When Sep 11th I was in my car i the high way listening to the thing in real time on the radio, amazing.
Mr. Anderson
Mar 21, 2003, 10:58 PM
10 years from now will be scary, thats for sure. More like nano cameras attached to a mini flying plane that gets right in to the battle, but never seen by the combatants....
But for me, 9/11 was more real than something on tv. I went to the rooftop of my building in DC and was watching the smoke rise from the Pentagon. Then the whole city was evacuated, a truly strange and terrible thing.
D
bennetsaysargh
Mar 23, 2003, 12:49 PM
i for one am happy about the internet because if you don't want to see these things, you don't have to, and if you do you can.
10 years from now will be scary, thats for sure. More like nano cameras attached to a mini flying plane that gets right in to the battle, but never seen by the combatants....
as for the quote above, probably will come true because of the rate that technology is going. if there is a war 10 years from now, you might be in the middle of central park with your iPod looking at those nano-web-cams via satalite. kinda creepy when you think about it.
scem0
Mar 23, 2003, 12:53 PM
My thoughts on technology are:
Although all of us love it, and most of us use it extensively, it will
be our doom. Some terrorist is going to get a hold on technology
that is capable of destroying the world, and then he will do so.
Allthough technology is great, and can make our world a better
place, it can destroy it just as easily.
WinterMute
Mar 23, 2003, 01:10 PM
There is a small number of scientists who believe the human race is now evolving via it's technology, they argue that the physical environmental triggers that cause evolution are no longer the driving forces for the majority of the world's population, and we are altering ourselves with technology to suit our environment.
Nanotech and so-called "sticky-tech", stuff that lives under the skin, will be big growth areas in the next decade, and will begin to change the course of human development at a cellular level.
Neal Stephenson's "The Diamond Age" works in a nano-tech rich society that has returned to an entirely tribal basis. A good read even if the basis may be a bit fanciful.
Opital nerve connectors? Nerve induction shunts? Airport connections directly to the brain?
Just a thought.
mymemory
Mar 23, 2003, 01:34 PM
I would like to grow not depending on technology. Once there is no electricity pum! everything is gone.
Thanatoast
Mar 23, 2003, 02:28 PM
Although all of us love it, and most of us use it extensively, it will
be our doom. Some terrorist is going to get a hold on technology
that is capable of destroying the world, and then he will do so.

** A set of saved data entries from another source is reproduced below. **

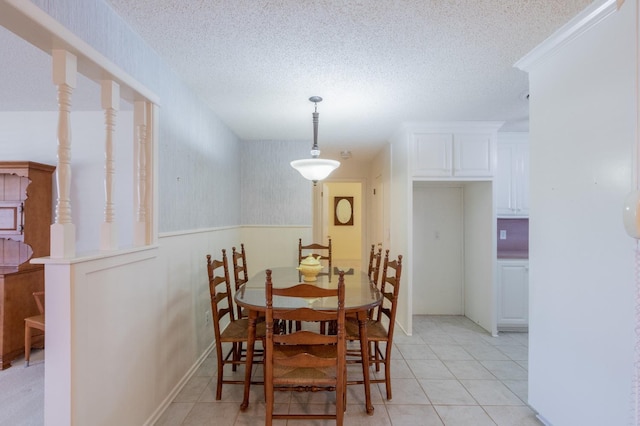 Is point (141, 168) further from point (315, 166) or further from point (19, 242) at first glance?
point (19, 242)

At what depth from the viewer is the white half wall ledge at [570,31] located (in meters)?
1.58

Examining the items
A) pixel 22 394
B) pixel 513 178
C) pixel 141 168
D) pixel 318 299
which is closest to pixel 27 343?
pixel 22 394

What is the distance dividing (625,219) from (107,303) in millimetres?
2101

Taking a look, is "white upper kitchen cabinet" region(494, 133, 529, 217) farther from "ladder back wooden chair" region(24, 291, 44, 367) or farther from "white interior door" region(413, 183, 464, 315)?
"ladder back wooden chair" region(24, 291, 44, 367)

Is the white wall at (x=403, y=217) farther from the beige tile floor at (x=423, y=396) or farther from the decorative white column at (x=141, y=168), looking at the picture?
the decorative white column at (x=141, y=168)

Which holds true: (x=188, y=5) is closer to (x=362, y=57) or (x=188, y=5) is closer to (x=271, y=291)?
(x=362, y=57)

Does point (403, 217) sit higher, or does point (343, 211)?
point (343, 211)

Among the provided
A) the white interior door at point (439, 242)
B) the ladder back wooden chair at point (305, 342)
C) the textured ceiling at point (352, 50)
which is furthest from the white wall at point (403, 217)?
the ladder back wooden chair at point (305, 342)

Allthough technology is great, and can make our world a better
place, it can destroy it just as easily.
Which is why the human race is in serious need of an attitude adjustment. With technology as powerful as we have today, we can no longer keep up this antagonistic attitude towards our neighbors (fellow humans), no matter whose "fault" it is. The cost is just too great.
scem0
Mar 23, 2003, 02:36 PM
Neal Stephenson's "The Diamond Age" works in a nano-tech rich society that has returned to an entirely tribal basis. A good read even if the basis may be a bit fanciful.
Snow Crash by the same author is also a great book.
Which is why the human race is in serious need of an attitude adjustment. With technology as powerful as we have today, we can no longer keep up this antagonistic attitude towards our neighbors (fellow humans), no matter whose "fault" it is. The cost is just too great.
SHUT UP! NO IT'S NOT!!! jk ;). You are totally correct. :o
alset
Mar 25, 2003, 09:34 PM
Originally posted by scem0
My thoughts on technology are:
Although all of us love it, and most of us use it extensively, it will
be our doom. Some terrorist is going to get a hold on technology
that is capable of destroying the world, and then he will do so.
Allthough technology is great, and can make our world a better
place, it can destroy it just as easily.
My thought is that we will come to rely too heavily on tech and a terrorist act taking down our networks will cripple us. Look what happens to the stock market when we're offline for just a day.